I joined this forum earlier this year to show my turboed Golf syncro, and I just visited this section. And I found a couple of nice alroads here aswell. I thought mayby you would like to see mine:
2001 Allroad 2,7T

































It didn`t come with a Navi so I innstalled the RNS-E.


----------



## eurocars (Mar 10, 2004)

*Re: Norwegian Allroad (hiawata)*

Welcome, it's really nice to see a posting from europe and for me from someone from the land of my namesake. My ar is an '01 also. Been thinking about the RNS-E mod lately, it'd be really nice for my wife. A few mods,but nothing real serious yet. Besides I made the mistake and bought one with a tip. So getting real serious with power will be limited unless I can find someone to bullit proof the tip.


----------



## ErockBar1 (Apr 12, 2005)

*Re: Norwegian Allroad (eurocars)*

Welcome to the ar forum. Nice photo spot


----------



## pendulum (Apr 29, 2001)

*Re: Norwegian Allroad (ErockBar1)*

welcome! we love when our european bretheren come over here to visit.








very nice allroad, my friend! i have the one in the pic whorin' thread you've probably seen. i love the de-badged rear-end as well, good call!








please do feel free to join our community here and post more often, we'd very much appreciate your input on a lot of topics, friend.


----------



## Jim's16VScirocco (Apr 1, 2002)

*Re: Norwegian Allroad (BabyFoodYellowGTI)*

SWEET ! http://****************.com/smile/emthup.gif


----------



## hiawata (Aug 24, 2008)

Thank you guys!


----------



## eurocars (Mar 10, 2004)

*Re: (hiawata)*

WOW!!! all I can say is WOW
All - do yourselves a favor and read hiawata's syncro build.
Best part is, it is one mans hands.
Much more impressive to me, than paying someone else.
VERY VERY nice hiawata.
The read took me about an hour.


----------



## hiawata (Aug 24, 2008)

I`m back with a MT Allroad this time










After a couple of years in this:


----------



## allroad (Jun 27, 2010)

Gotta love ARs in black. Diesel?

Personally not feeling the mix of silver AR jewelry with gold wheels. They do fill the wells real nice.


----------



## treeski (Sep 5, 2010)

what % tint is that up top??


----------



## hiawata (Aug 24, 2008)

allroad said:


> Gotta love ARs in black. Diesel?
> 
> Personally not feeling the mix of silver AR jewelry with gold wheels. They do fill the wells real nice.

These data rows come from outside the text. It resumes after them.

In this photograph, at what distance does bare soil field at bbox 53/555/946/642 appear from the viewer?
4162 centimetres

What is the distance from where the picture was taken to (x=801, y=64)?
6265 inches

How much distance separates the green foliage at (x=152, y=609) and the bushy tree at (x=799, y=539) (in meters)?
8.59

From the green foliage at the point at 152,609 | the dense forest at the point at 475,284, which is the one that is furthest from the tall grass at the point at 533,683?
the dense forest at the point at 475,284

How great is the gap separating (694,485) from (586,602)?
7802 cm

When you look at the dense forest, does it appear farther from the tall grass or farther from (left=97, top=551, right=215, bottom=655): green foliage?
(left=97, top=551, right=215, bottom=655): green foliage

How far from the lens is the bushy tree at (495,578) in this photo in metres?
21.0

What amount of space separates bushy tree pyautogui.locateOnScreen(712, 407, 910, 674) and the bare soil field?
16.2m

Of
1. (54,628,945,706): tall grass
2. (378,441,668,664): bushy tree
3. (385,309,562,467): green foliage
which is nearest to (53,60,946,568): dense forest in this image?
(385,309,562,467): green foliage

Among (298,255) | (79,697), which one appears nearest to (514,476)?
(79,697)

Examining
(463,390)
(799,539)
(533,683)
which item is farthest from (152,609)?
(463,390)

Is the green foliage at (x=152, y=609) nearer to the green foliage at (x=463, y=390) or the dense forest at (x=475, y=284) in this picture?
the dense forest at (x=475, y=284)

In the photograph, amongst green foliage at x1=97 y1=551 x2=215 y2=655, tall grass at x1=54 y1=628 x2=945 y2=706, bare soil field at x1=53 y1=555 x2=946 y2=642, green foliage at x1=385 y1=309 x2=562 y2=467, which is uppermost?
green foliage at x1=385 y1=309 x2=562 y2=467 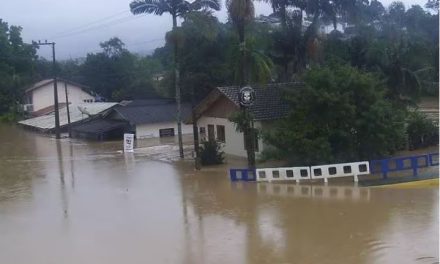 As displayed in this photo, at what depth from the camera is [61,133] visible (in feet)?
167

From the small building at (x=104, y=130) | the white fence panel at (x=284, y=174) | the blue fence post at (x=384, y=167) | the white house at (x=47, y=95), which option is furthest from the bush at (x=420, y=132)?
the white house at (x=47, y=95)

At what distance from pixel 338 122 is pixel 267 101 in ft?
20.7

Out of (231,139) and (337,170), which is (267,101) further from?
(337,170)

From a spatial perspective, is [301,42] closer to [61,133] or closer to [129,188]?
[129,188]

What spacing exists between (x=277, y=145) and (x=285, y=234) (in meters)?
8.86

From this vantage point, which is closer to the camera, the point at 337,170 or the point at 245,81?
the point at 337,170

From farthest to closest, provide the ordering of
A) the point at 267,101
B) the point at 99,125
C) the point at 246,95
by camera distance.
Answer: the point at 99,125
the point at 267,101
the point at 246,95

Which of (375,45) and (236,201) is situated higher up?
(375,45)

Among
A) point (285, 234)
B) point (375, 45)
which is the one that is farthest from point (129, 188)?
point (375, 45)

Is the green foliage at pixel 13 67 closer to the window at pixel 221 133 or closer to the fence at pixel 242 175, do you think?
the window at pixel 221 133

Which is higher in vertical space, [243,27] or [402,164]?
[243,27]

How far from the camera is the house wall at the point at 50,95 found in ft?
219

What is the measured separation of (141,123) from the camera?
42438mm

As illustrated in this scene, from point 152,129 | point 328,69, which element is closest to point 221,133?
point 328,69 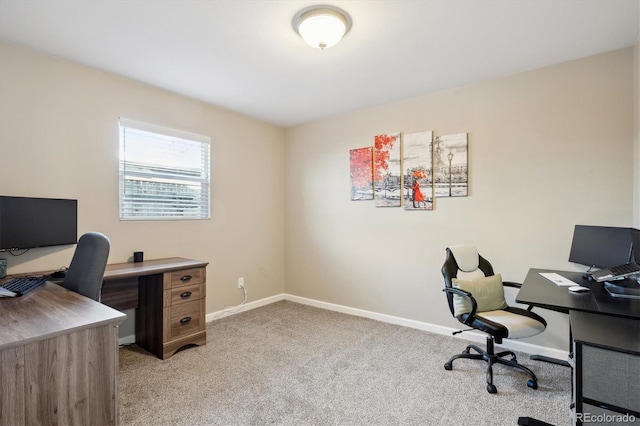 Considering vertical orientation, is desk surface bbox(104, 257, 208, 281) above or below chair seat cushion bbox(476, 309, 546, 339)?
above

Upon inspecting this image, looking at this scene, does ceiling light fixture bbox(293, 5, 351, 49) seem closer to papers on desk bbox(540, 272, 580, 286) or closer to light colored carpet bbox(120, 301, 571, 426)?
papers on desk bbox(540, 272, 580, 286)

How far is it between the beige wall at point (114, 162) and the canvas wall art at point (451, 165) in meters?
2.34

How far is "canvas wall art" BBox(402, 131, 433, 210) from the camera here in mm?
3359

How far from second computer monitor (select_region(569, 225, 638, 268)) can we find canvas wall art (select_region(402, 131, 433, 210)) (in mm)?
1272

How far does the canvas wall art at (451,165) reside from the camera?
3156 millimetres

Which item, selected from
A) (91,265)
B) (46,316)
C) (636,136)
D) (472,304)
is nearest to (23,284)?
(91,265)

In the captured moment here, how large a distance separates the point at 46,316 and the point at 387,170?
321 cm

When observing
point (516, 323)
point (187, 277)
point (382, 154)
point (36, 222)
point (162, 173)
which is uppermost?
point (382, 154)

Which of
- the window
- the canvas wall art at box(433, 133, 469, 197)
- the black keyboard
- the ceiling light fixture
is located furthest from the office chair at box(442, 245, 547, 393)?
the black keyboard

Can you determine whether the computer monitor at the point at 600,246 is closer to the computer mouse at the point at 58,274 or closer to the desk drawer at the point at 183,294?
the desk drawer at the point at 183,294

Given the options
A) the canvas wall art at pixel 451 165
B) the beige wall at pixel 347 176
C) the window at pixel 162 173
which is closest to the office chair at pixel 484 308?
the beige wall at pixel 347 176

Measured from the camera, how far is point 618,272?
205cm

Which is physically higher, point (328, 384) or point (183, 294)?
point (183, 294)

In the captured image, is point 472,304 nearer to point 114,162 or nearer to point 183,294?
point 183,294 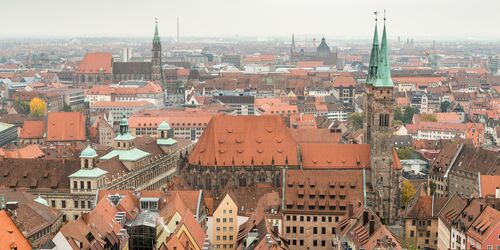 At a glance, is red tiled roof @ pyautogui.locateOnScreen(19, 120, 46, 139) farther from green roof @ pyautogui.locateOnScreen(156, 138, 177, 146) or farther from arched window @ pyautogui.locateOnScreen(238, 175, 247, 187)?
arched window @ pyautogui.locateOnScreen(238, 175, 247, 187)

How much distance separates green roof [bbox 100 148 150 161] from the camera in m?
120

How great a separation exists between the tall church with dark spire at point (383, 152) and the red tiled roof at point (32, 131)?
79.9m

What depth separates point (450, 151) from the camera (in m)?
128

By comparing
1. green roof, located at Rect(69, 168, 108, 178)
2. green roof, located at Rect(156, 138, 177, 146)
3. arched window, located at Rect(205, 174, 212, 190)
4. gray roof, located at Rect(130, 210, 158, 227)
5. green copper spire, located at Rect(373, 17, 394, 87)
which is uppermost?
green copper spire, located at Rect(373, 17, 394, 87)

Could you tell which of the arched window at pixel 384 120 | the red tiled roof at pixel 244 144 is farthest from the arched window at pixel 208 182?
the arched window at pixel 384 120

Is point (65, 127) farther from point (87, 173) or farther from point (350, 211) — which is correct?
point (350, 211)

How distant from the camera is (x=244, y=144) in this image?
11394 cm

No, its a 2,7tt. And I think the wheel color will match better when the fenders and the bumper will be painted black.



treeski said:


> what % tint is that up top??



Sorry don`t know. But I think they are original dual layer sound proof glass.


----------



## -mlfhntr- (Jul 18, 2007)

Black is the bast looking color on these. That is why I got mine in Black. With the Black and Grey inside.


----------